- [Exercise]
Your answer should hold exactly the lines below from the line with "Carlo Faccio, diretor" through the line with "Courtyard by Marriott West Orange 8/52", both included, and no pictures at all.

======== Data for processing ========

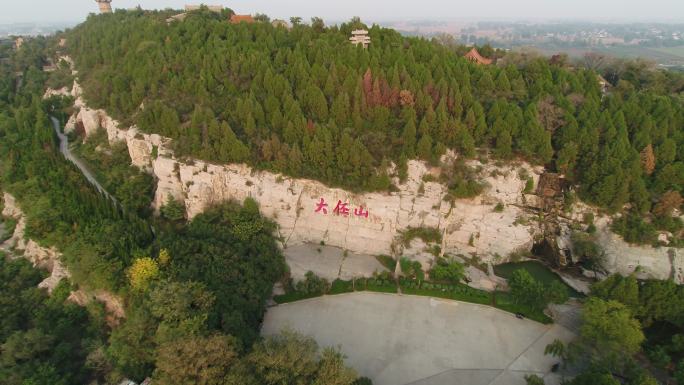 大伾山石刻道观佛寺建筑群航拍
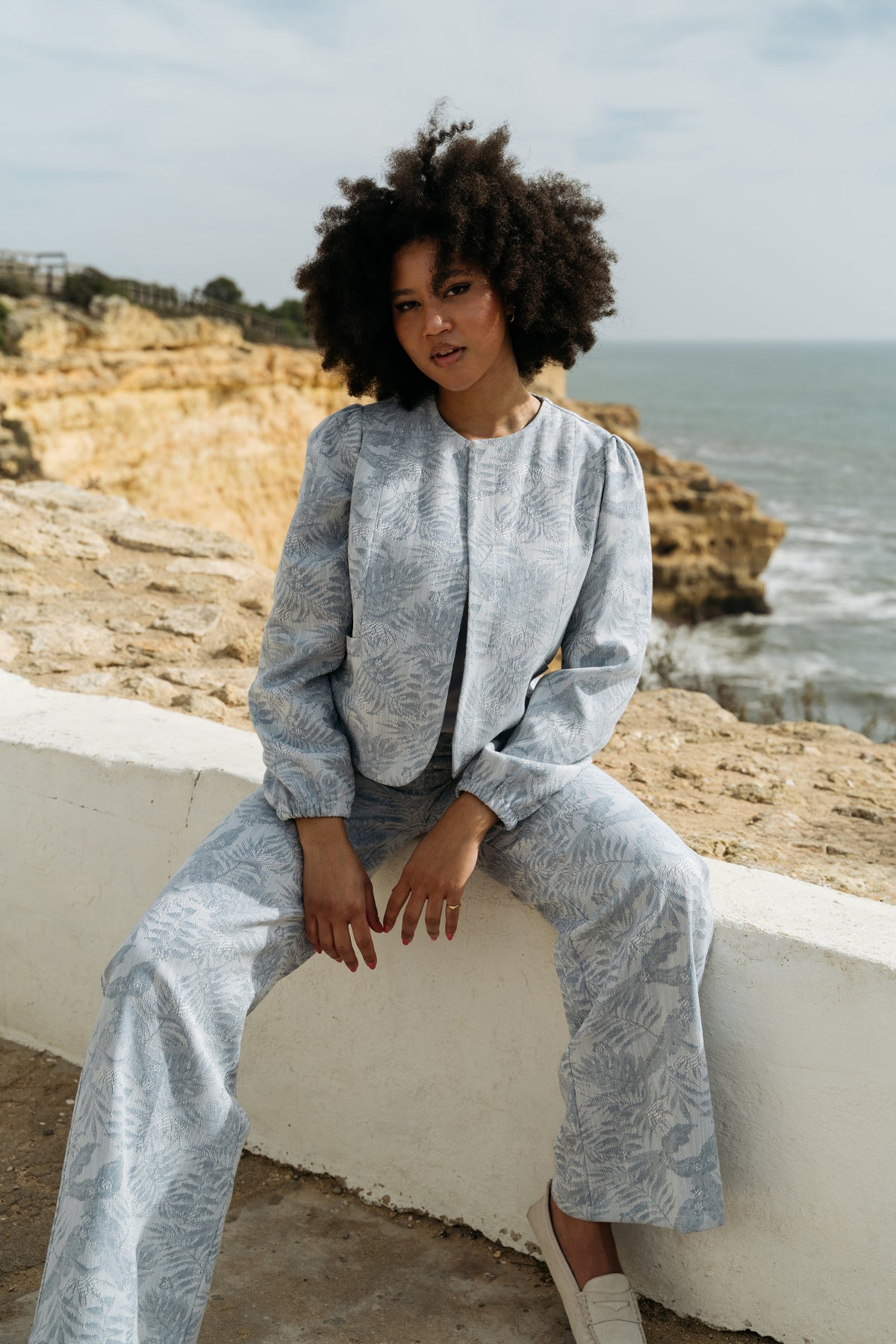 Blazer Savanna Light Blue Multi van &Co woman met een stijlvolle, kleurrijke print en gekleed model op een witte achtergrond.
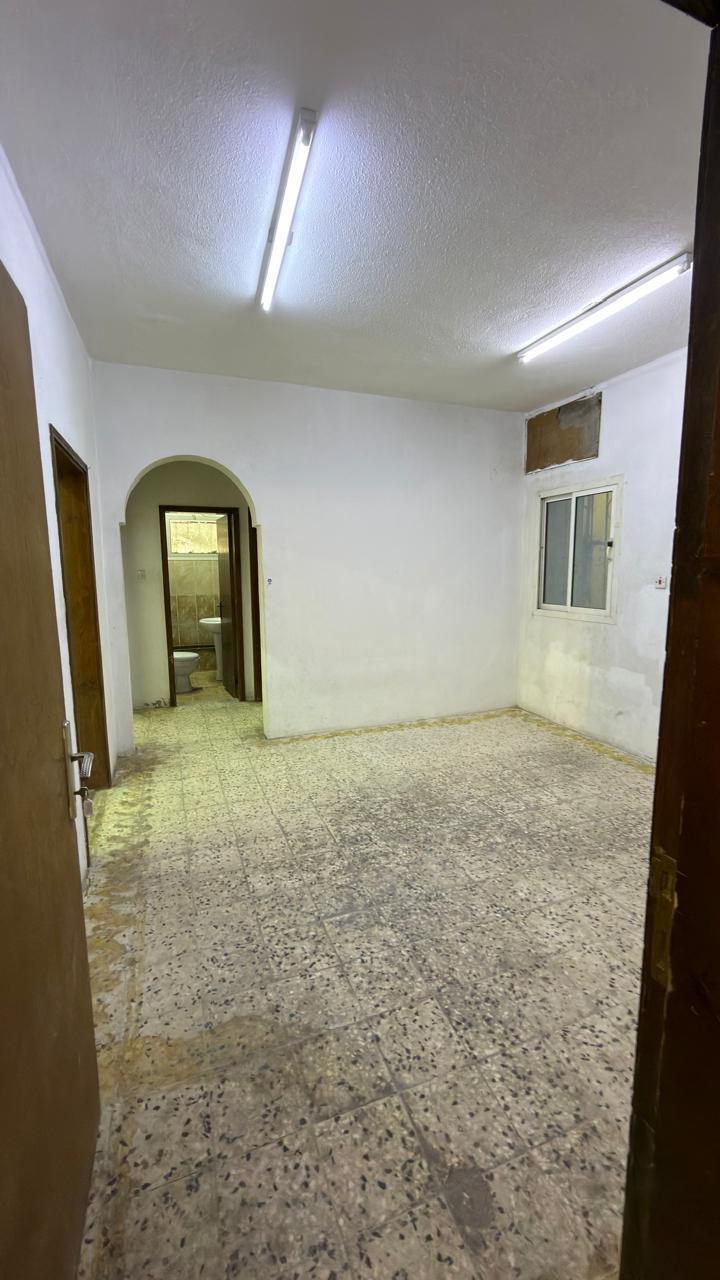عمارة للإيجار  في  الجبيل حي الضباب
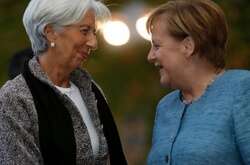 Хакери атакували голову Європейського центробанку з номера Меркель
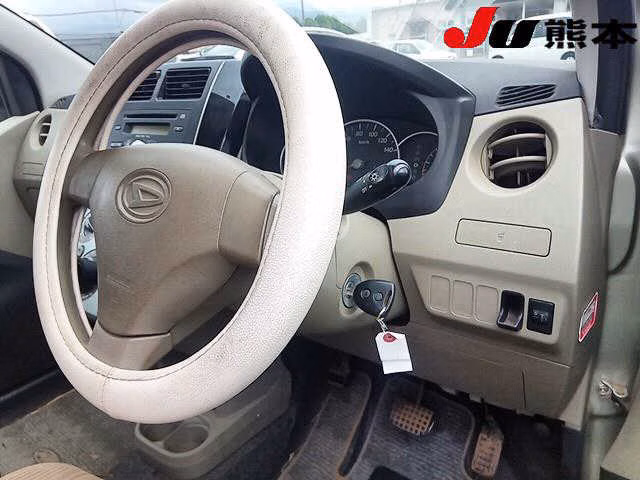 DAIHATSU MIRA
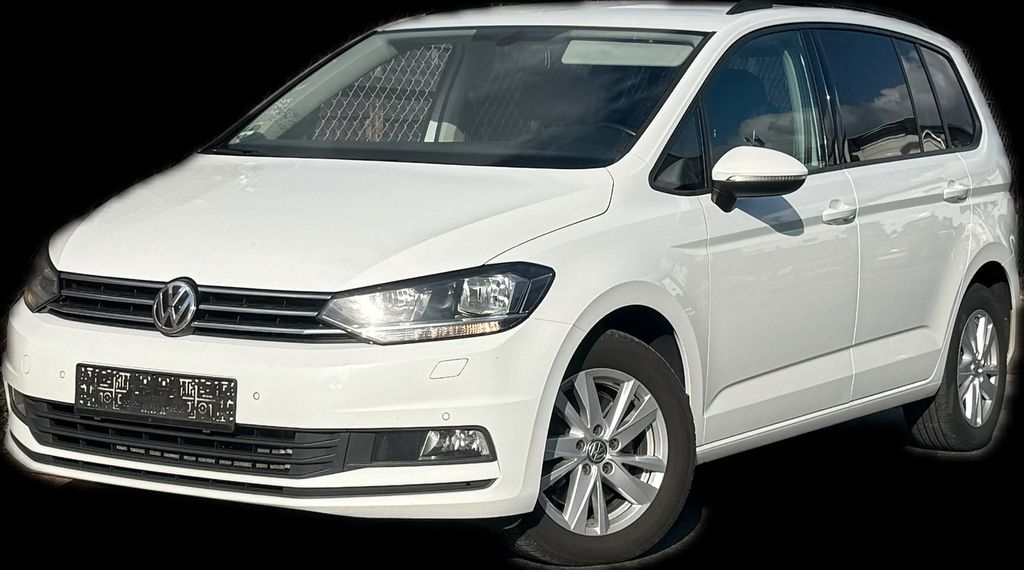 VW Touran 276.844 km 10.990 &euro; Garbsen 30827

========
======== Data for processing ========

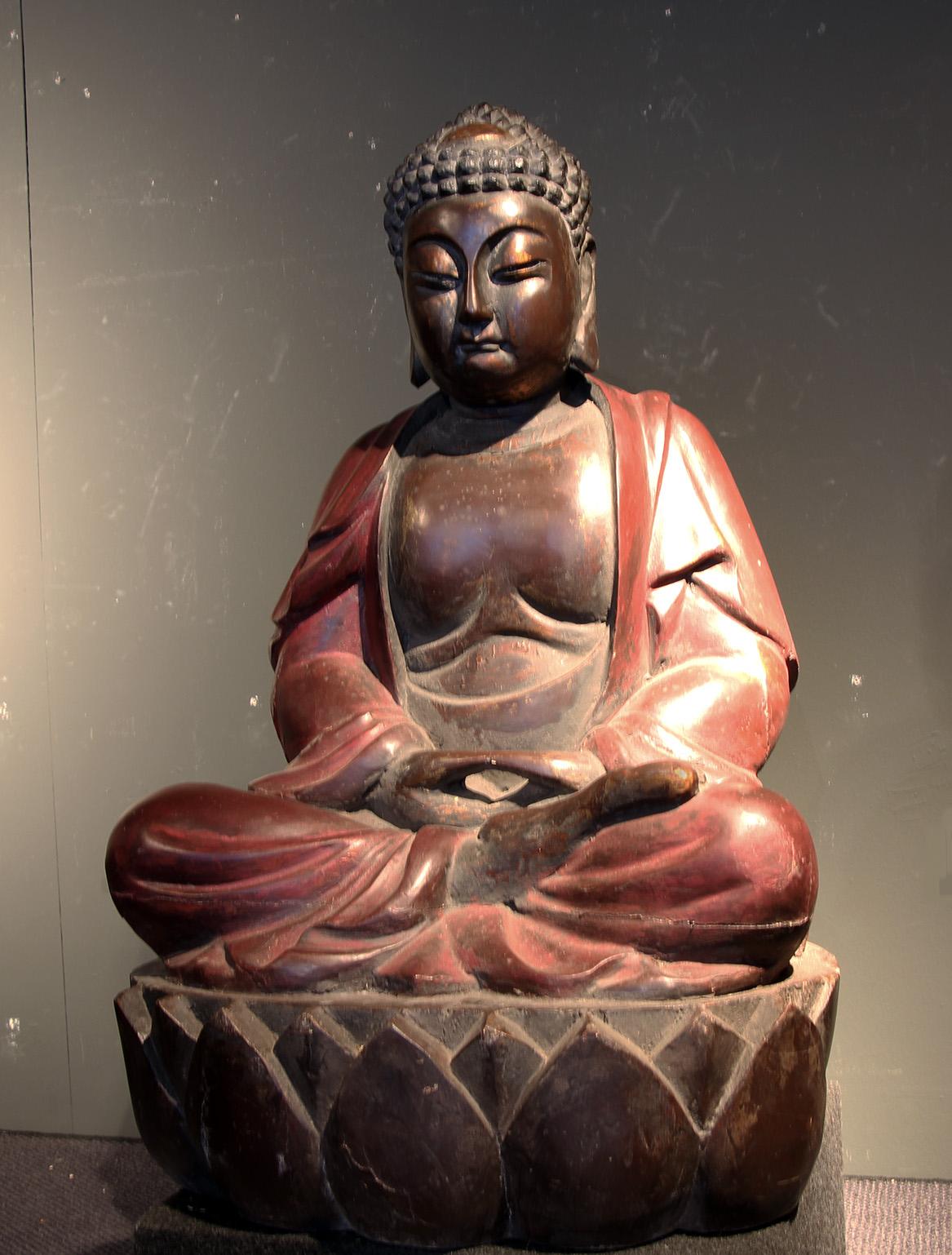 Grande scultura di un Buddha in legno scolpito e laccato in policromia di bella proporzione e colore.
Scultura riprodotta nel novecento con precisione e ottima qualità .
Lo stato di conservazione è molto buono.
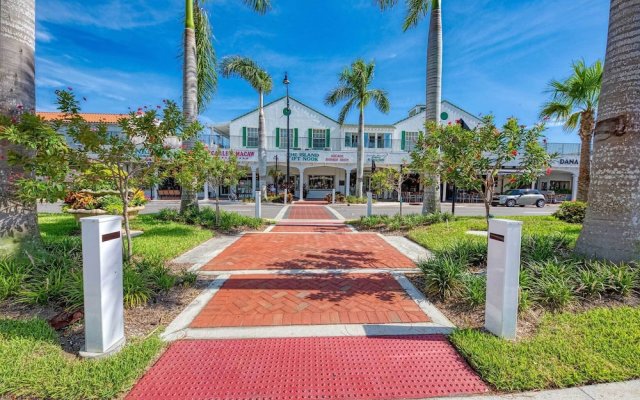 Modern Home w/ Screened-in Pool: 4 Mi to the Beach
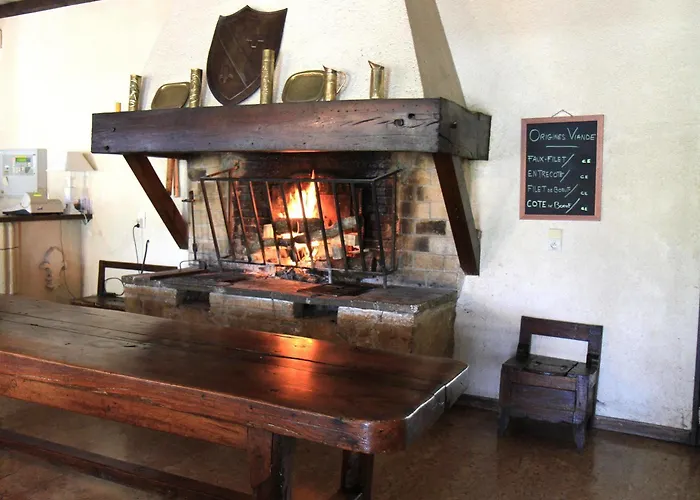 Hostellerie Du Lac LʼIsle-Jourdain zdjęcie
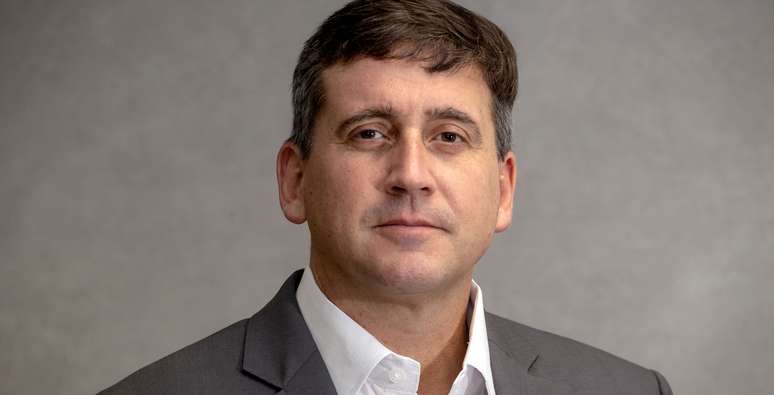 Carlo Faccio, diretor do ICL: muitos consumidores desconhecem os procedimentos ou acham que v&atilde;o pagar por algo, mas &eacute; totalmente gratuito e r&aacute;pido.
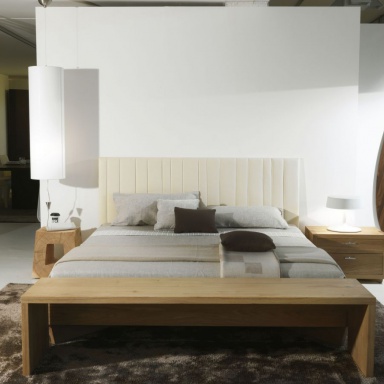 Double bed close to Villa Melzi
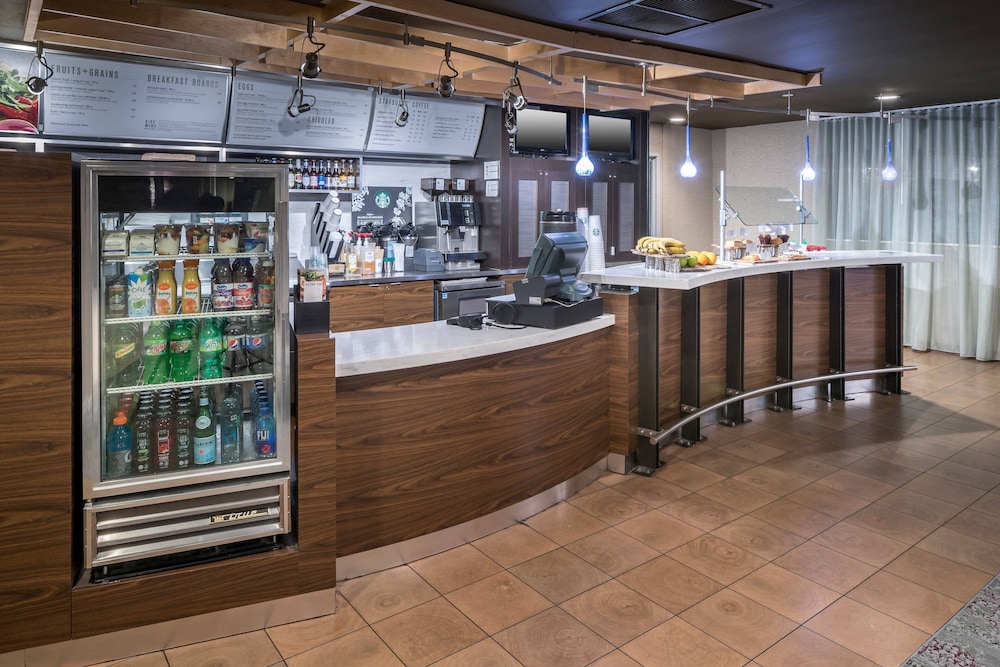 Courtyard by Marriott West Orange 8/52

========
======== Data for processing ========

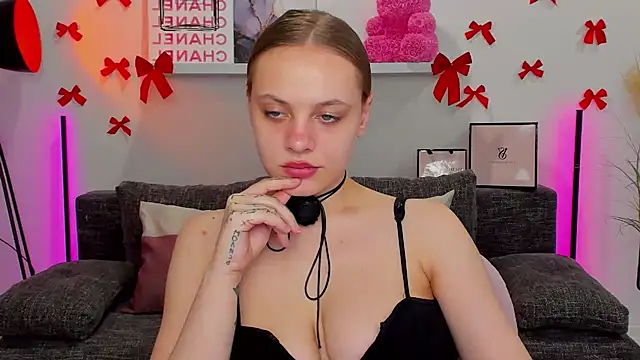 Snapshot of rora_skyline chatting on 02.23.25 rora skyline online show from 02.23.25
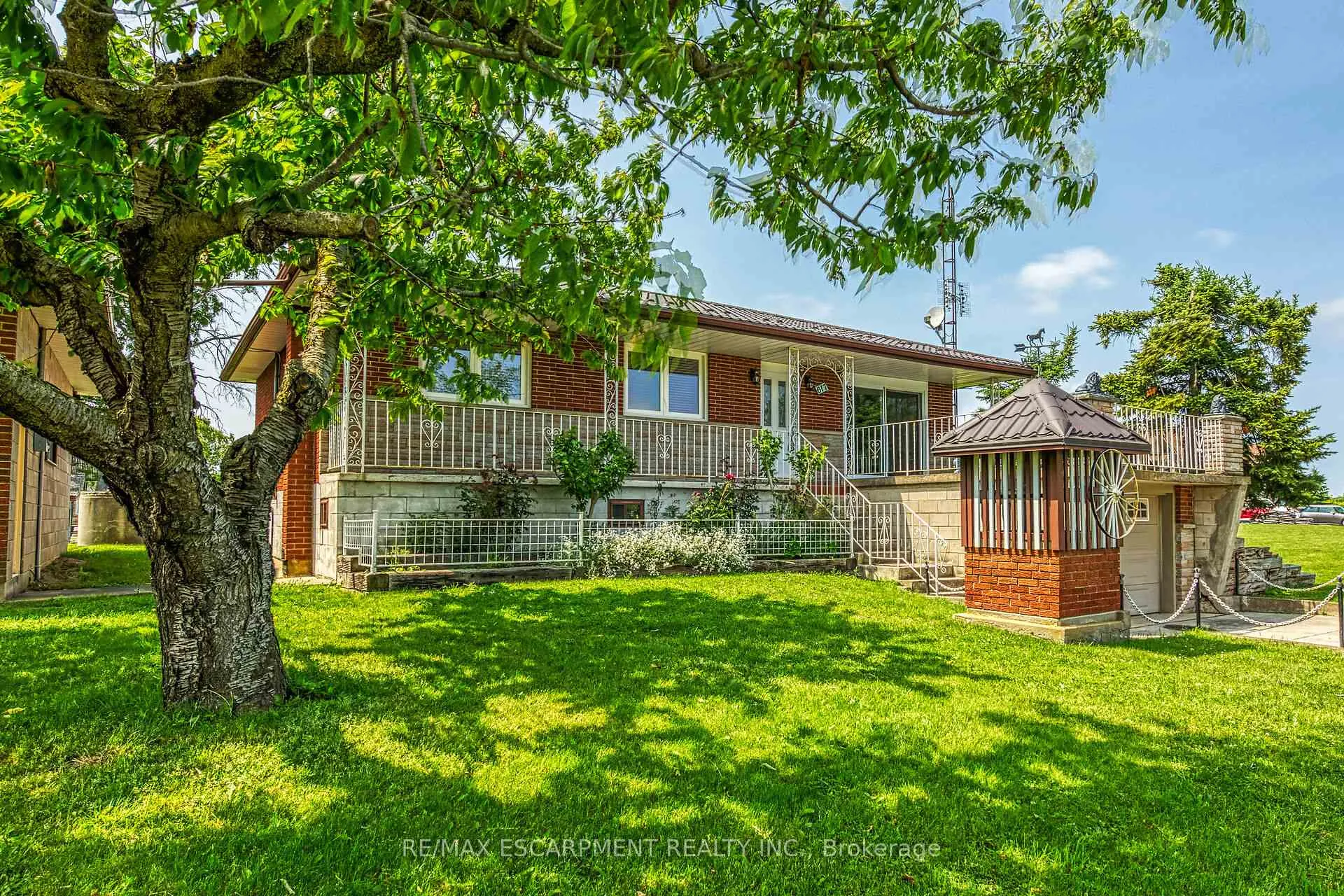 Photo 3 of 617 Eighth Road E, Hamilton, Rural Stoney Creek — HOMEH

========

- [The answer]
 Carlo Faccio, diretor do ICL: muitos consumidores desconhecem os procedimentos ou acham que v&atilde;o pagar por algo, mas &eacute; totalmente gratuito e r&aacute;pido.
 Double bed close to Villa Melzi
 Courtyard by Marriott West Orange 8/52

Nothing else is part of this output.